I fondi arriveranno nella forma di prestiti a basso interesse da parte dei paesi sviluppati e non dalla finanza pubblica. Nelle intenzioni dei paesi più vulnerabili, invece, avrebbero dovuto essere concessi in forma di sovvenzioni pubbliche a fondo perduto. Non è andata così, tran le proteste delle nazioni particolarmente vulnerabili (l’Alleanza dei piccoli stati insulari e i Paesi meno sviluppati) che nel pomeriggio di sabato hanno lasciato l’assemblea. La COP6 del 2000 si era conclusa senza un accordo per la stessa ragione. Sono stati diversi i fattori che hanno convinto questi paesi a non abbandonare il tavolo. Prima di tutto la proposta di una roadmap Baku-to-Belém, la città dove si terrà la prossima Cop, per fare il punto dei risultati raggiunti. E poi canale di accesso privilegiato per i Least Developed Countries (i paesi meno sviluppati) e le Small Nation Developing Islands (le nazioni insulari). Circa cinquanta paesi da Afghanistan a Samoa che stanno subendo le ripercussioni peggiori del cambiamento climatico.
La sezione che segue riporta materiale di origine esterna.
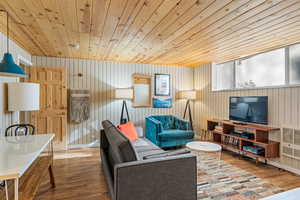 Unit 1b, living room featuring wood finished floors, wood walls, and wood ceiling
LA PRESIDENZA TRUMP: UNA TEGOLA SULLA LOTTA AL CAMBIAMENTO CLIMATICO

Una pesantissima incognita sull’accordo di Baku arriva da Washington. Il ritorno di Donald Trump rischia di far saltare tutti i piani. Come aveva già fatto nel corso della prima presidenza, Trump ha promesso che gli Stati Uniti lasceranno l’accordo di Parigi, il più importante accordo sulla limitazione delle emissioni. Come anticipato dal Wall Street Journal, che cita figure vicine al presidente Usa, Donald Trump firmerà un ordine esecutivo che ritirerà ancora una volta gli Stati Uniti dall’Accordo di Parigi sul clima. E potrebbe potrebbe essere proprio il primo atto della sua presidenza, del resto durante la campagna elettorale, Trump sostenuto una politica industriale “vecchio stampo” che, al grido di “Drill, baby, drill”, vuole svincolare il suo paese da accordi internazionali e sostenere tesi negazioniste circa il cambiamento climatico.
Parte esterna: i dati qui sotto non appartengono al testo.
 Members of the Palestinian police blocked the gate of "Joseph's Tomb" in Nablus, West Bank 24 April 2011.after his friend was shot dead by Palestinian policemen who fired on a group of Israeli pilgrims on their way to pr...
PER CONTRASTARE IL CAMBIAMENTO CLIMATICO: DAI 5 AI 12 MILA MILIARDI DI EURO ANNUI

Sul Foglio, Lorenzo Borga, prova a sedare gli animi circa la montagna di fondi necessari a mitigare il cambiamento climatico. Le cifre necessarie a contrastare il cambiamento climatico non sarebbero così proibitive. “Le stime a livello globale variano tra i 5 e i 12mila miliardi all’anno – leggiamo sul Foglio -. Una montagna di soldi, ma non irraggiungibili: oggi l’umanità investe annualmente cifre simili per istruire le prossime generazioni e per curarsi. E se guardiamo ai soli sistemi energetici, nel 2024 in tutto il mondo saranno investiti circa 3mila miliardi di dollari per generare e fornire l’energia necessaria alla civiltà, per la maggior parte in fonti pulite. Certo, i soldi in più servono (almeno il doppio). Ma non partiamo da zero”. Numeri impressionanti ma i che sarebbero niente rispetto ai costi del non decidere che arriverebbero a “numeri a 12 zeri, trillions”.
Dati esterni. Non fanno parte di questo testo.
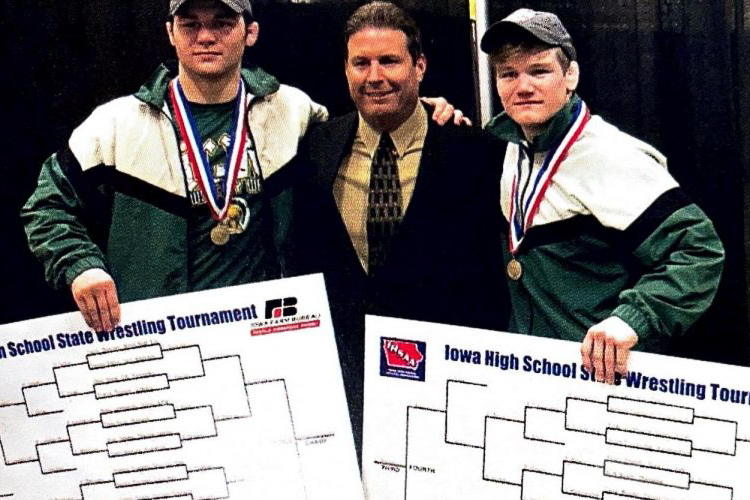 Coach+Mark+Reiland+with+Nelson+Brands+18+and+Francis+Duggan+18+at+the+2018+Wrestling+State+Championship.+Both+Brands+and+Duggan+won+titles.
Un altro punto interessante riguarda gli obiettivi: limitare l’incremento a 1,5 gradi appare un’ambizione impossibile da concretizzare perché per realizzarla “le emissioni annue dovrebbero crollare di quasi la metà entro la fine del decennio”. Non realistico. Appare più plausibile, invece, superare “i due gradi per poi tornarvi al di sotto entro la fine del secolo”.  Il Foglio cita un dato che riguarda la Cina per la quale “limitare la temperatura a +1,5 costerebbe il 37 per cento in più rispetto all’obiettivo +2° C”.